Indic Translate Server

Overview

This project sets up an Indic translation server using Docker Compose, allowing translation between various languages including English, Kannada, Hindi, and others. It utilizes models from AI4Bharat to perform translations.

Languages Supported

Here is the list of languages supported by the IndicTrans2 models:

Assamese (asm_Beng)	Kashmiri (Arabic) (kas_Arab)	Punjabi (pan_Guru)
Bengali (ben_Beng)	Kashmiri (Devanagari) (kas_Deva)	Sanskrit (san_Deva)
Bodo (brx_Deva)	Maithili (mai_Deva)	Santali (sat_Olck)
Dogri (doi_Deva)	Malayalam (mal_Mlym)	Sindhi (Arabic) (snd_Arab)
English (eng_Latn)	Marathi (mar_Deva)	Sindhi (Devanagari) (snd_Deva)
Konkani (gom_Deva)	Manipuri (Bengali) (mni_Beng)	Tamil (tam_Taml)
Gujarati (guj_Gujr)	Manipuri (Meitei) (mni_Mtei)	Telugu (tel_Telu)
Hindi (hin_Deva)	Nepali (npi_Deva)	Urdu (urd_Arab)
Kannada (kan_Knda)	Odia (ory_Orya)

Live Server

We have hosted an Translation service for Indian languages. The service is available in two modes:

High Latency, Slow System (Available 24/7)

URL: High Latency ASR Service

Low Latency, Fast System (Available on Request)
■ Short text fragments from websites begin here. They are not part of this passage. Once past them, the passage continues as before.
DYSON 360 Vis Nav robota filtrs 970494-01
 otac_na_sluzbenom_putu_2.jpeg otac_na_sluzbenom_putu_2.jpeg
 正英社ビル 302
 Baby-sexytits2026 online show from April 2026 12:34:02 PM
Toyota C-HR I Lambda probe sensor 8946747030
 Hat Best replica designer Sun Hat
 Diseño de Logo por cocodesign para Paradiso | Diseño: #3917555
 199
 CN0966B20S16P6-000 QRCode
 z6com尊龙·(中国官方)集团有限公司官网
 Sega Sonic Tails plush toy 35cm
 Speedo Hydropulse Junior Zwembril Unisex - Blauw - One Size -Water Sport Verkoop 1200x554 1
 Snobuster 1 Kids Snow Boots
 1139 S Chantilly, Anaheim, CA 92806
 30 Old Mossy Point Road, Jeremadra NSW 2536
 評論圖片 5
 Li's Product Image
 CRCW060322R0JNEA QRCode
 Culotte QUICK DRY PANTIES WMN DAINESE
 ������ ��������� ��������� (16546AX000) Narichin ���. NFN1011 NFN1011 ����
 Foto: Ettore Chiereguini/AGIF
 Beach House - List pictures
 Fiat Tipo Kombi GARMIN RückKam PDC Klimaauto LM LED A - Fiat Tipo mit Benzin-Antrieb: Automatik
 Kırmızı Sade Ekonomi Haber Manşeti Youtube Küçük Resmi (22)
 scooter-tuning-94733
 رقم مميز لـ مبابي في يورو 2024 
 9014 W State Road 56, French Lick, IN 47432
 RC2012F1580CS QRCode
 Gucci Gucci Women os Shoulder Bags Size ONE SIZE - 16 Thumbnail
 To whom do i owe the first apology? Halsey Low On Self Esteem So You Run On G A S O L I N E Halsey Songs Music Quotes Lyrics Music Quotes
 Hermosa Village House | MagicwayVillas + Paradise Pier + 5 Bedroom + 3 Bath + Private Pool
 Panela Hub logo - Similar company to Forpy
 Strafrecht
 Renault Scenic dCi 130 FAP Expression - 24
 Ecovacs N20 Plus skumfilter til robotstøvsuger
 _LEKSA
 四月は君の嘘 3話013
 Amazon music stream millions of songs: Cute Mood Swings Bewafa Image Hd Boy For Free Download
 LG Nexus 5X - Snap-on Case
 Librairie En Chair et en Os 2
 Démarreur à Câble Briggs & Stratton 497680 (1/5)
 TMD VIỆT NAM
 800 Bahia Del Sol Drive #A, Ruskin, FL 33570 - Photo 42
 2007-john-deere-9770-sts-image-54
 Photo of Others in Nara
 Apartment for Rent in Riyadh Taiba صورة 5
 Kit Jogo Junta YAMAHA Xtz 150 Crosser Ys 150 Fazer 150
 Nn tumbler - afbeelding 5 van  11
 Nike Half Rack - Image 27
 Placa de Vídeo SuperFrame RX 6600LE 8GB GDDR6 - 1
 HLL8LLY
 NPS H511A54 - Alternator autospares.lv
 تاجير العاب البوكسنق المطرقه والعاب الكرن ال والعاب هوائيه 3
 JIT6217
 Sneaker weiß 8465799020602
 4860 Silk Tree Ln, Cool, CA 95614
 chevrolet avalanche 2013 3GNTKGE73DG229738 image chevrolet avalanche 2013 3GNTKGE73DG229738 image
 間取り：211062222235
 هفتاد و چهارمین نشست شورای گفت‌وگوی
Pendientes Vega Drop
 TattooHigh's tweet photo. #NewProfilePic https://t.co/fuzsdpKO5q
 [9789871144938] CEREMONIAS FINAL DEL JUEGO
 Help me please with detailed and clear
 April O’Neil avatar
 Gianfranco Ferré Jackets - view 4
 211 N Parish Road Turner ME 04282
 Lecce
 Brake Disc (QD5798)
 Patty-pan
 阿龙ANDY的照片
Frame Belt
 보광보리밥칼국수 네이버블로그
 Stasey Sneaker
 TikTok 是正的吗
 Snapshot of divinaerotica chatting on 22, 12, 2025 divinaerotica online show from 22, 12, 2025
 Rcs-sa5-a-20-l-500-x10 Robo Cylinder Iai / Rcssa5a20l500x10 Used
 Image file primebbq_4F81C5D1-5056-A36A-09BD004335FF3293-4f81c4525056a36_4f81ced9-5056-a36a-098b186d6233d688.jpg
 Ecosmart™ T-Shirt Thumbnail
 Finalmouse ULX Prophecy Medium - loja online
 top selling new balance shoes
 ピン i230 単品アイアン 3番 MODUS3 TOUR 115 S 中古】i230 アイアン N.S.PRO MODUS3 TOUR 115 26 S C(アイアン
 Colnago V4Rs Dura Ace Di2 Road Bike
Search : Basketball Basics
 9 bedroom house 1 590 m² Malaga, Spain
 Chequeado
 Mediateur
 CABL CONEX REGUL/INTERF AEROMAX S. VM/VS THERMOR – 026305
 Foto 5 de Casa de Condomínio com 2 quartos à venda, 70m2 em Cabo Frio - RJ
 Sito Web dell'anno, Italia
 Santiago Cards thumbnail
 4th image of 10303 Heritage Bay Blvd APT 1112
URL: Low Latency ASR Service

How to Use the Service

With curl

You can test the service using curl commands. Below are examples for both service modes:

High Latency Service

curl -X 'POST' \
  'https://gaganyatri-translate-indic-server-cpu.hf.space/translate?src_lang=kan_Knda&tgt_lang=eng_Latn&device_type=cpu' \
  -H 'accept: application/json' \
  -H 'Content-Type: application/json' \
  -d '{
  "sentences": [
     "ನಮಸ್ಕಾರ, ಹೇಗಿದ್ದೀರಾ?", "ಶುಭೋದಯ!"
  ],
  "src_lang": "kan_Knda",
  "tgt_lang": "eng_Latn"
}'

Low Latency Service - GPU server on demand

curl -X 'POST' \
  'https://gaganyatri-translate-indic-server.hf.space/translate?src_lang=kan_Knda&tgt_lang=eng_Latn&device_type=gpu' \
  -H 'accept: application/json' \
  -H 'Content-Type: application/json' \
  -d '{
  "sentences": [
     "ನಮಸ್ಕಾರ, ಹೇಗಿದ್ದೀರಾ?", "ಶುಭೋದಯ!"
  ],
  "src_lang": "kan_Knda",
  "tgt_lang": "eng_Latn"
}'

Via Swagger UI

URL: High Latency translation Service
URL: Low Latency translation Service

Prerequisites

Docker and Docker Compose installed on your machine.
Python 3.x installed for the development environment.
Internet access to download translation models.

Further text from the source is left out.